Under the cloak of concern to ensure a Corbyn government has the cash for its progressive programme, this is really just further evidence that they still hanker for a different leadership, and their “loyalty” is skin deep.
Meanwhile, the supine Tory press continue to dutifully spin the fairytale that Tory unity was sealed by the so-called “Cluedo” Chequers meeting and that the road to Brexit will now become clear.
In reality, this is pure tooth fairy stuff, and the divisions spotlighted by the Labour letter are also reflected in the Tory party.
Of course, the breathless hacks have been busily war-gaming the scenario which sees Labour tabling a Commons motion on the customs union which attracts dissident Tory votes and defeats May, opening the way to an election which will sweep Corbyn to Downing Street.
However away from the Westminster bubble, this is a tale which is, for working people, highly problematic.
Firstly, the Tories can also read the papers and will no doubt work flat-out to keep their dissidents—from Rees Mogg to Soubray—onside, and the government in power.
But more significantly, this reversion to a fascination with machinations on the green benches of the Commons runs a real risk of becoming all-consuming and sidelining all the other real battles facing working people.

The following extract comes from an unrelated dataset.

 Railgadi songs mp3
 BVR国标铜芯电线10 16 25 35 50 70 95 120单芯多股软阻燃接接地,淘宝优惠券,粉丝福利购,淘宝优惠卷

Undoubtedly, this is also a wider problem which sees socialist change coming, essentially through the election of a Corbyn government, which then implements a series of measures reversing the neoliberal pestilence backed for 40 years by both Tory and Labour.
It’s a seductive scenario and one which has seen cheering, chanting crowds and transformed Corbyn from joke to giant challenging for power. But it also poses some real problems in how change is to be delivered.
Essentially, the Tories don’t just rely on parliament but wield power through business, the City, a largely Tory mass media, all making their ideas appear what Gramsci dubbed the “common sense” which dominates how voters view the choices before them.
Socialists and socialist ideas need to go beyond the benches of Westminster and Holyrood taking up the issues of jobs, wages, health housing and much more with a coherent socialist alternative.
Of course, electing socialists to Holyrood and Westminster matters but without serious campaigning outside the debating chambers, the fight for a different society will remain, for most people, largely a spectator sport.
And that Westminster Labour now has a left leader—like his Scottish counterpart—not backed by their MPs and MSPs—simply underlines the scope of the problem and the need to build the movement for change in workplaces, colleges and communities.
In this context, a much higher priority needs to be given to the biggest force representing working people, the trade unions, which are still by far the biggest force for an alternative society here in Scotland.
The action currently underway in the universities defending pensions is an example of the kind of action needed both to win change and build a confidence that another alternative is possible.
And an excellent example of what can be achieved by consistent principled activity in the workplace to build union power is the election of Voice columnist and socialist activist Richie Venton to the UK executive of his union, Usdaw.
The Voice congratulated Richie personally and as an example of what can and must be done in the drive for fighting trade unions.
All around us, working people are under the cosh of austerity, falling wages, bosses dictation of zero hours, a chronic housing shortage dominated by profiteering landlords and, as winter bites, fuel poverty.
The truth is that while MPs and MSPs are important, they will only be able to break with the ruling pro-market consensus—particularly dominant in Holyrood—when faced with mass activity by trade unions, communities, socialists and other progressive forces.
And overhanging all this in Scotland remains the unresolved national question which, if not totally dominant, is still a major factor in the debate about Scotland’s future.
The Voice is a longstanding independence supporter but also firmly believes that it cannot be reduced to a Brexit bargaining chip—it must be integrated into a vision of real change.
That way opens the door to real independence, capable of winning Scotland’s working class majority and society putting people and planet before profit.